Only the lines from the one containing "New MotorFist Dirt" through the end of the records should be retyped, exactly and including both ends; pictures stay out.
═══ Input data
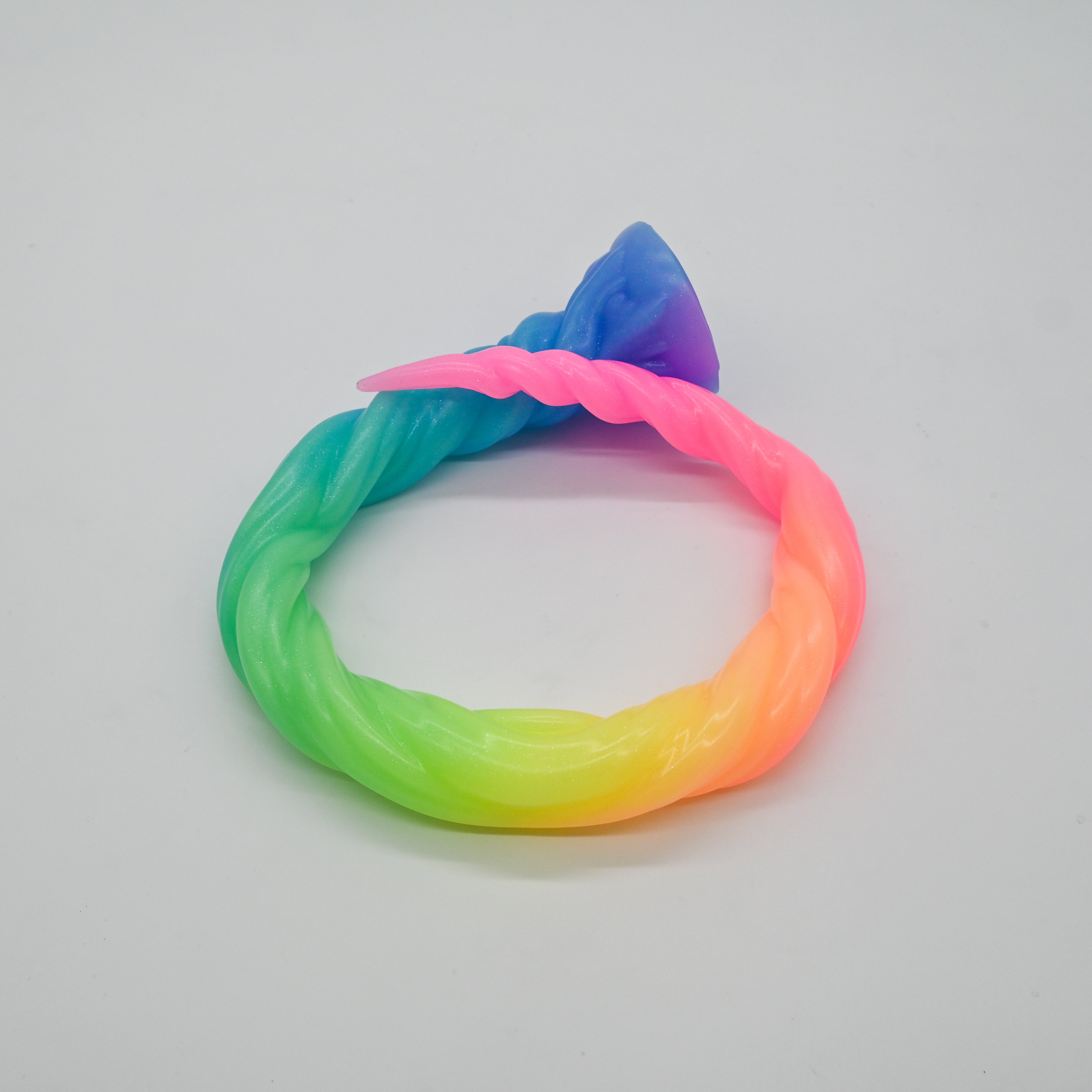 S4MJM18 Sera's Horn Large 0050 UV GITD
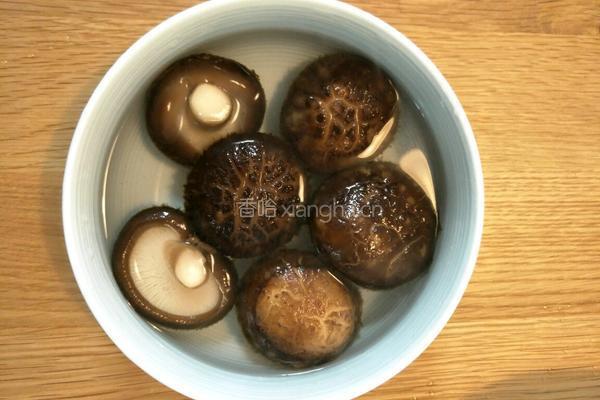 香菇青菜的做法图解3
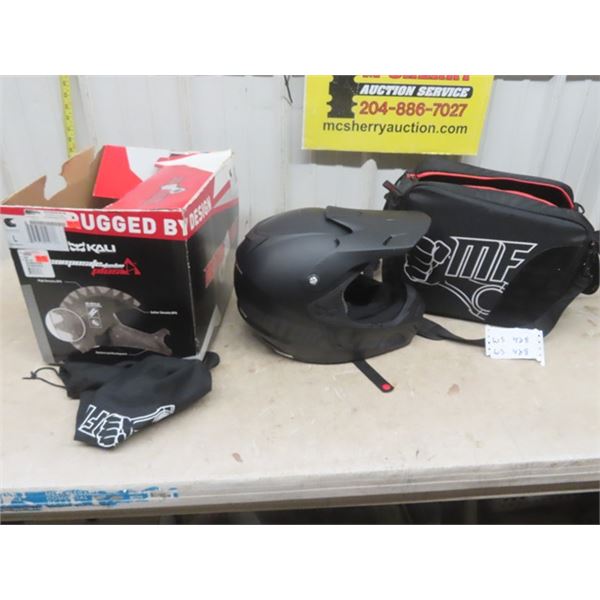 New MotorFist Dirt Bike Helmet Sz LG with Soft Case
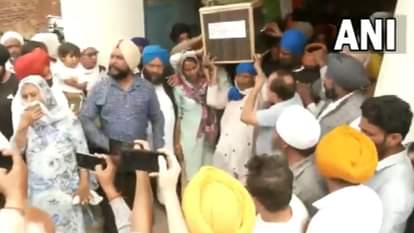 शहीद हरकृष्ण की अर्थी को कंधा देतीं उनकी मां और पत्नी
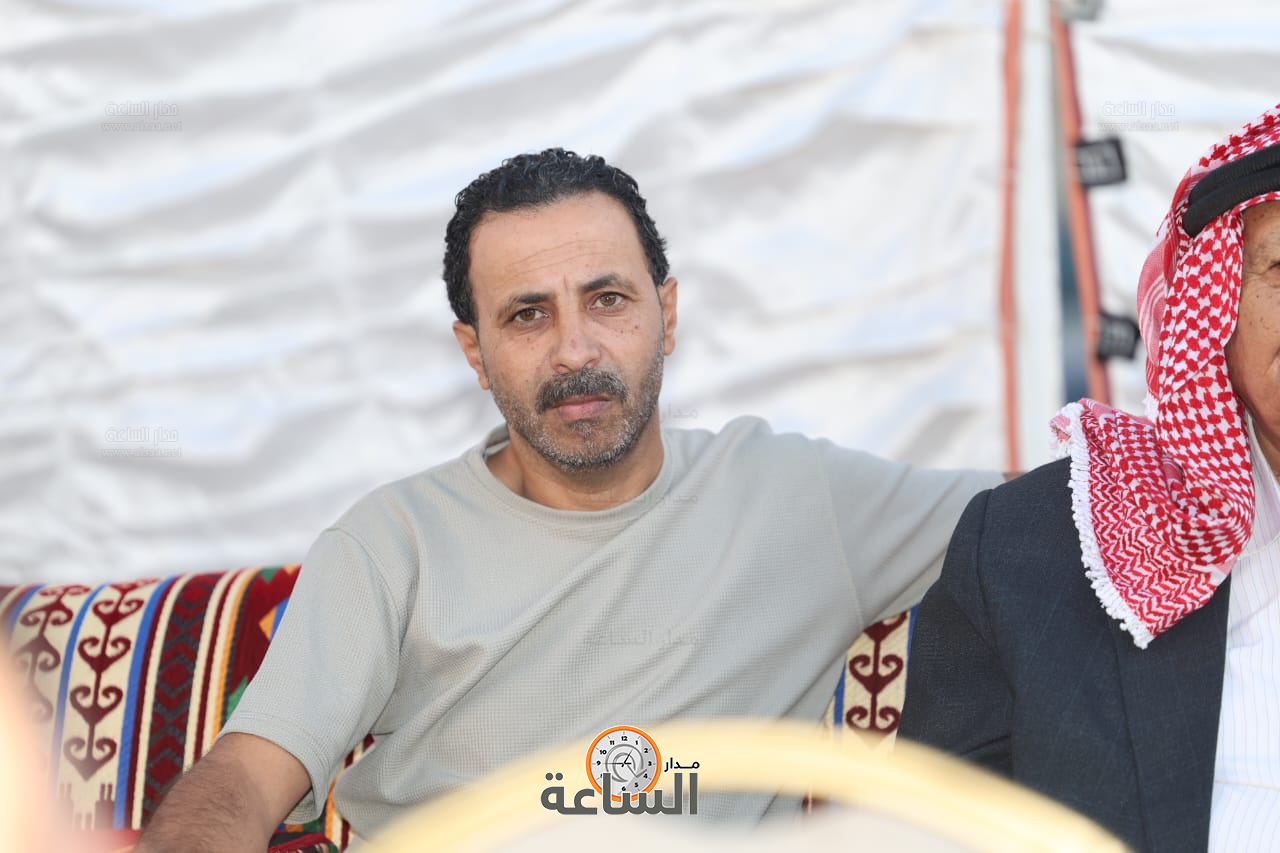 Madar Al-Saa Images 0.7569713237955752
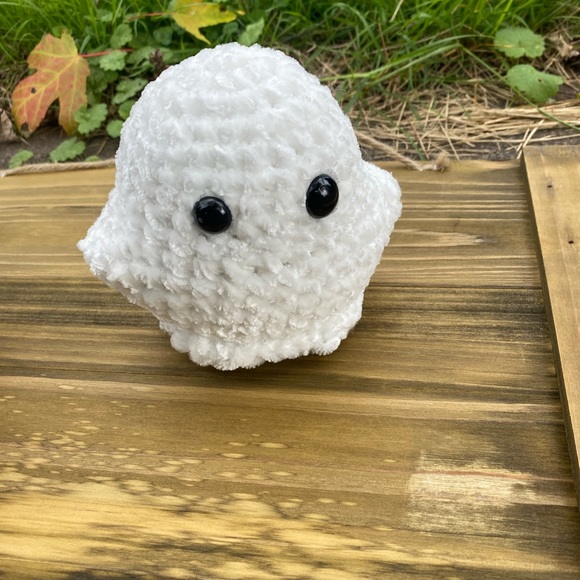 Handmade velvet crochet ghost plushie - Picture 3 of 7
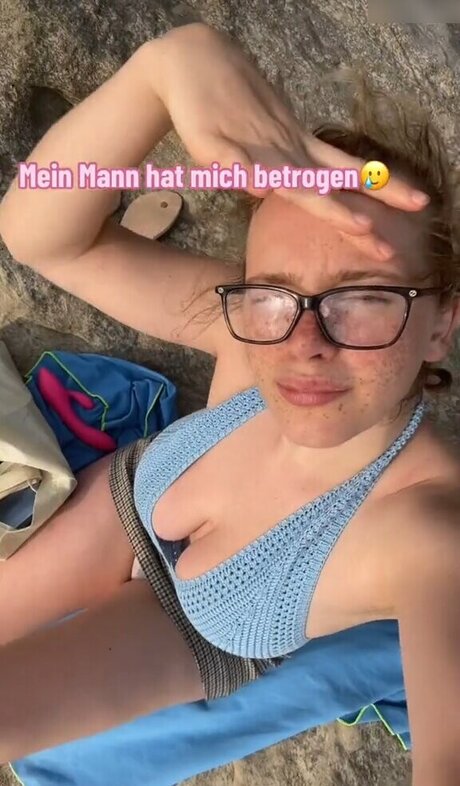 Dr Santi top star image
══════
Written response -
 New MotorFist Dirt Bike Helmet Sz LG with Soft Case
 शहीद हरकृष्ण की अर्थी को कंधा देतीं उनकी मां और पत्नी
 Madar Al-Saa Images 0.7569713237955752
 Handmade velvet crochet ghost plushie - Picture 3 of 7
 Dr Santi top star image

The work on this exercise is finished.